Paired with a matching green t-shirt, it turned out darling! And, she loves it!
Of course, we could not leave her 12-year-old sister out, so I made a skirt for her. Again paired with a matching green T-shirt, it was a real hit!
“For God hath not given us the spirit of fear; but of power, and of love, and of a sound mind.” II Timothy 1:7
Now that the holidays are behind me, hopefully I can get caught up on my postings!
Being the person I am, I of course make the majority of my gifts, especially for the grandkids. One of those projects was a smocked dress for my 8-year-old granddaughter. I found a darling print with deep reds (almost burgundy), greens and blues over a light beige background. I found a beige solid (with just a hint of green) perfect for the smocking. I modified a simple to-the-waist, gathered skirt dress pattern, incorporating the smocked inset into the bodice. The embroidery thread was matched to colors in the print and used in the geometric smocking pattern.
After pleating and smocking the bodice insert, it was steamed and blocked. I accented the collar, sleeves and bodice with burgundy piping.
A simple dress but ~ I love the final result, and best of all, so does my granddaughter!
“Now then we are ambassadors for Christ, as though God did beseech you by us: we pray you in Christ’s stead, be ye reconciled to God.” II Corinthians 5: 20
Three of my 7 grandkids are 7 years old and entering 2nd grade this year, two granddaughters and one grandson! I decided to make back-to-school outfits for them. For the grandson, I wanted a button-down shirt, one for warm weather and one for cooler days. I found a nice homespun cotton fabric for the long-sleeve shirt but nothing really “spoke” to me for the short-sleeve shirt.
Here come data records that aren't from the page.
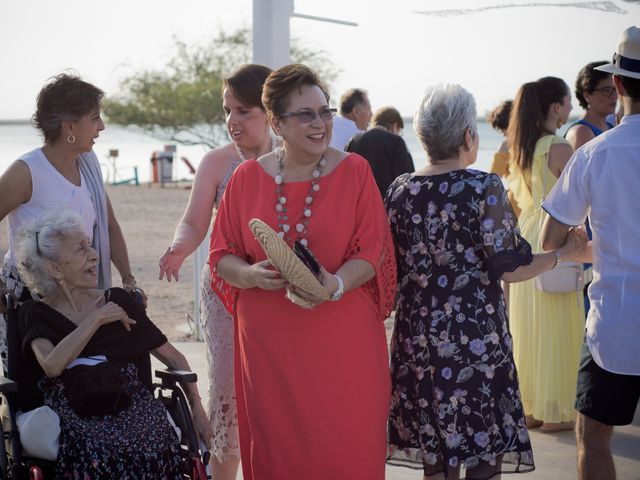 La boda de Julian y Gaby en La Paz, Baja California Sur 6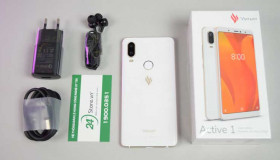 Trên tay siêu phẩm Việt Vsmart Active 1 mạnh mẽ như con một quái thú công nghệ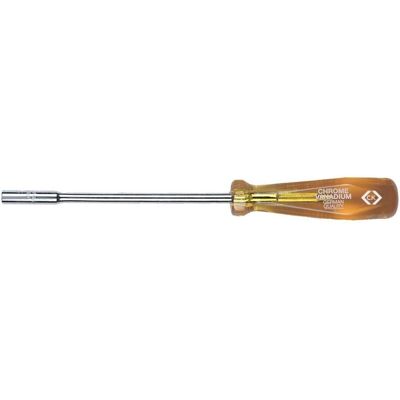 CK Tools T4334M 13 HD Klassieke moerenspinner - Zeskantschroevendraaier CK Tools T4334M 13 HD Klassieke moerenspinner - Zeskantschroevendraaier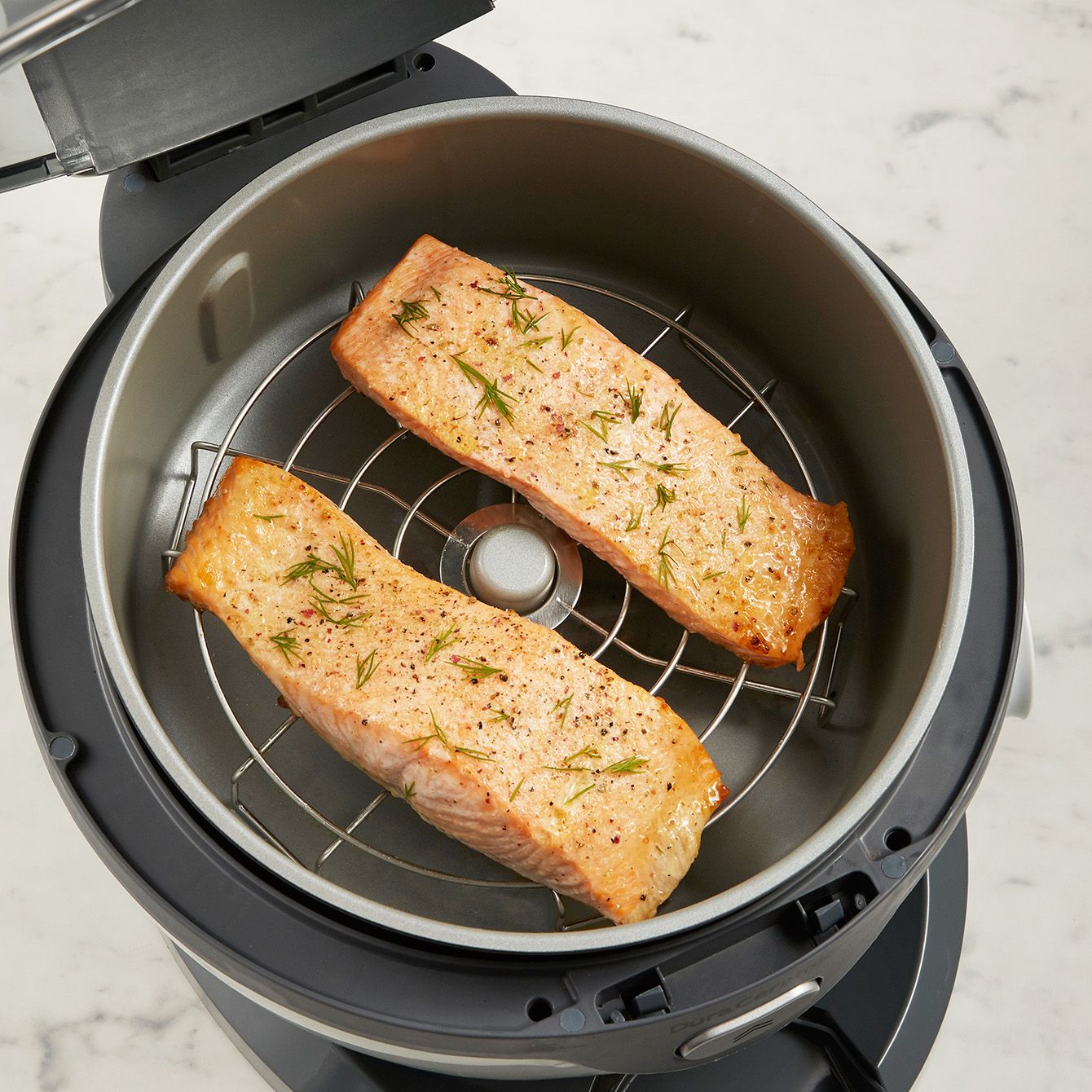 Sunbeam Halo+ DuraCeramic Air Fryer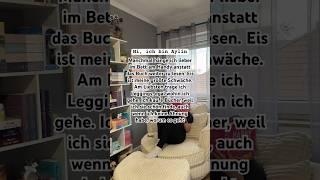 hi ich bin Aylin #bücherliebe #buchliebe #buchblogger #bücherwurm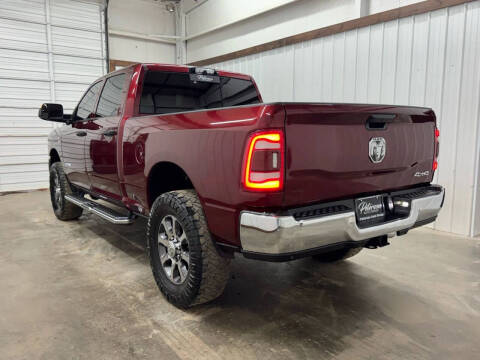 2020 RAM 2500 Tradesman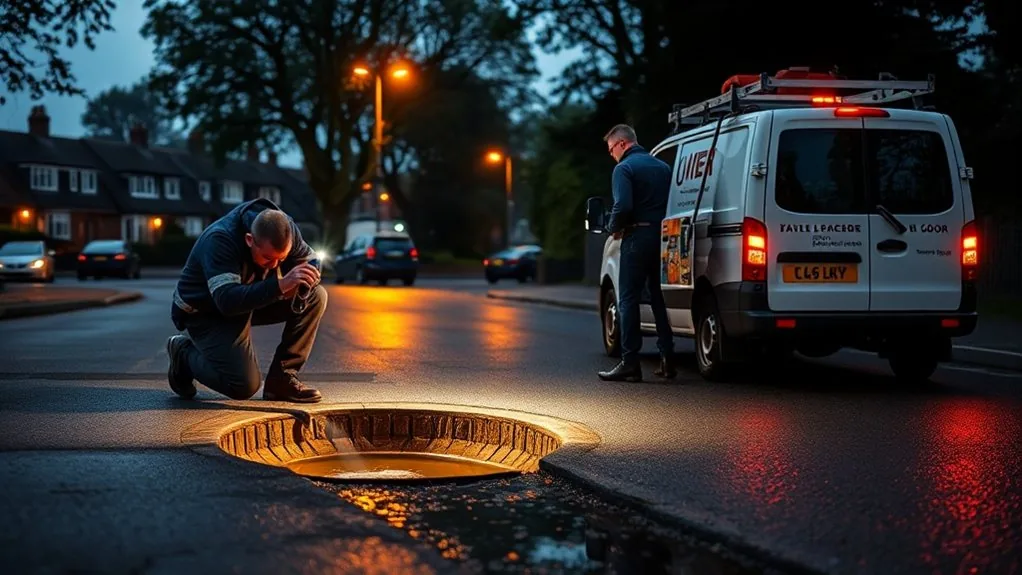 Blocked Drain Services in Ripple | 24/7 Local Drainage Engineers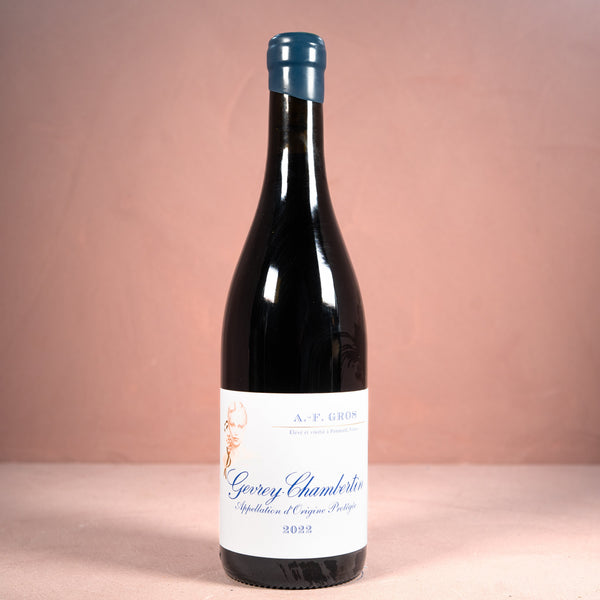 Domaine A.F. Gros, Gevrey-Chambertin 2022 - Bottle Hero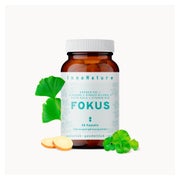 InnoNature Fokus Kapseln 60 St
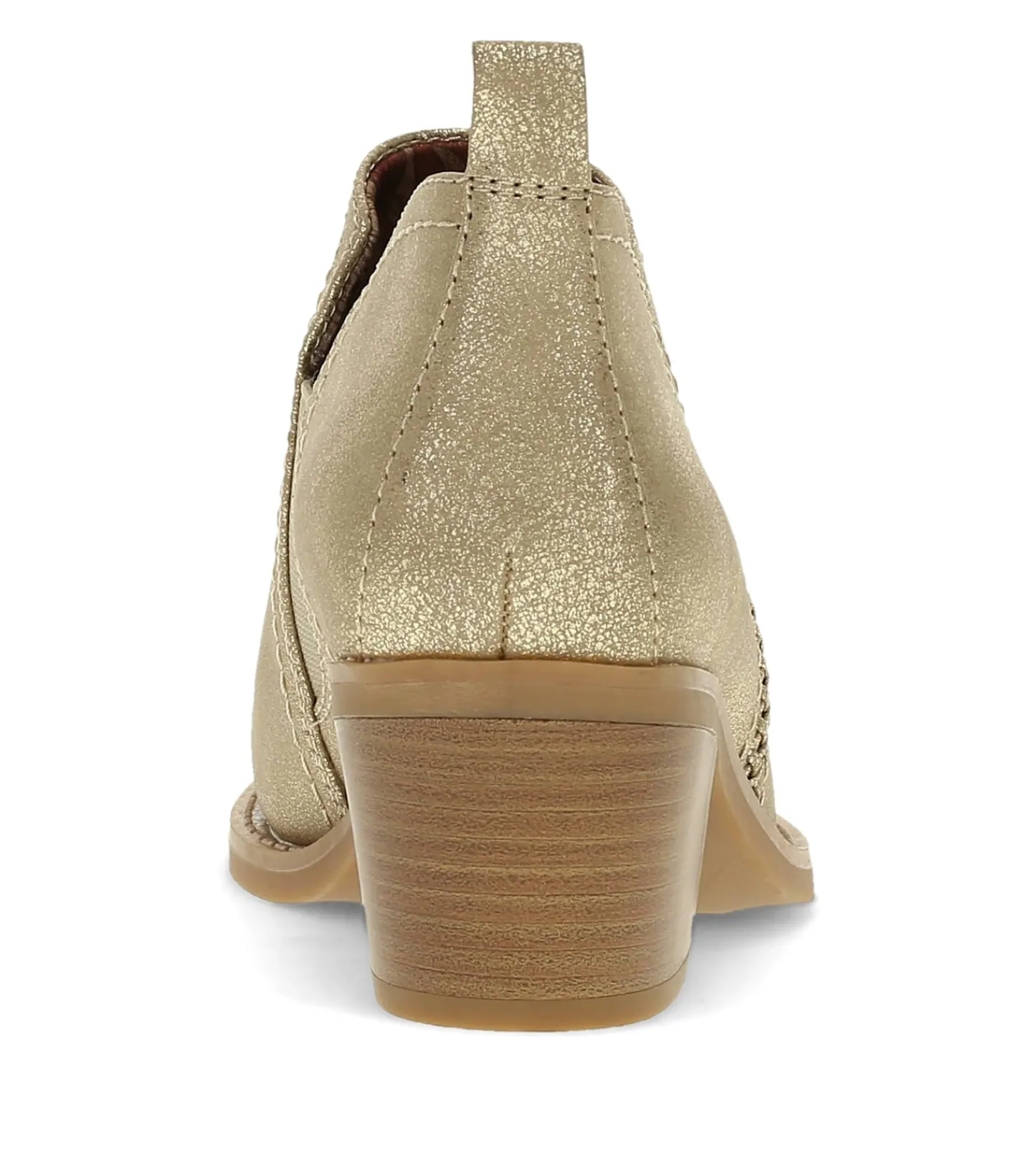 Baretraps Booties^Lidian Ankle Bootie LightChampagne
I went to the local thrift shop and looked at the XL men’s shirts. I found a couple with suitable plaids and got them for under $5 each. Long-sleeved is best – more fabric!
When using a ready-made shirt as a fabric source, you have a couple advantages but also need to be aware of a couple adjustments. As the hem and front placket are already done for you, you can skip the front facing and hemming options. If matching a curved hem, as I did, the back is cut as two pieces. Be sure to add a seam allowance in the center back (I added 1/2″) – along the fold line. With a small plaid this seam will not be visible. Be sure to reverse the pattern for the second 1/2 back piece.
Side Note: As an offshoot of my heirloom sewing, where all seams are finished in some fashion, I try to enclose ALL seams of my projects. Especially on children clothes. I believe this is a modified French seam as it is done on the inside. I trim one seam allowance down to a scant 1/4″. I then turn the other seam allowance over and under, enclosing the raw edge. This is then top-stitched. FYI This is the long-sleeved shirt I made with the homespun cotton.
When placing the front pattern piece, slide the pattern out the width of the seam allowance along the center front edge. Since the front placket is done already, you won’t be stitching that seam. There are also no buttonholes to make or buttons to sew on!
Cut both sleeves off at the armhole seam and lay wrong sides together.
Once the pieces are cut out, this is all that remains of the original shirt! The larger pieces went into my scrap box. I also cut off the remaining buttons for my ‘button box’.
The last adjustment is to make sure the collar goes ALL the way to the edge of the front placket. Without a front facing, you need to make sure the collar seam is covered. Either select a pattern with this feature or adjust the collar to fit.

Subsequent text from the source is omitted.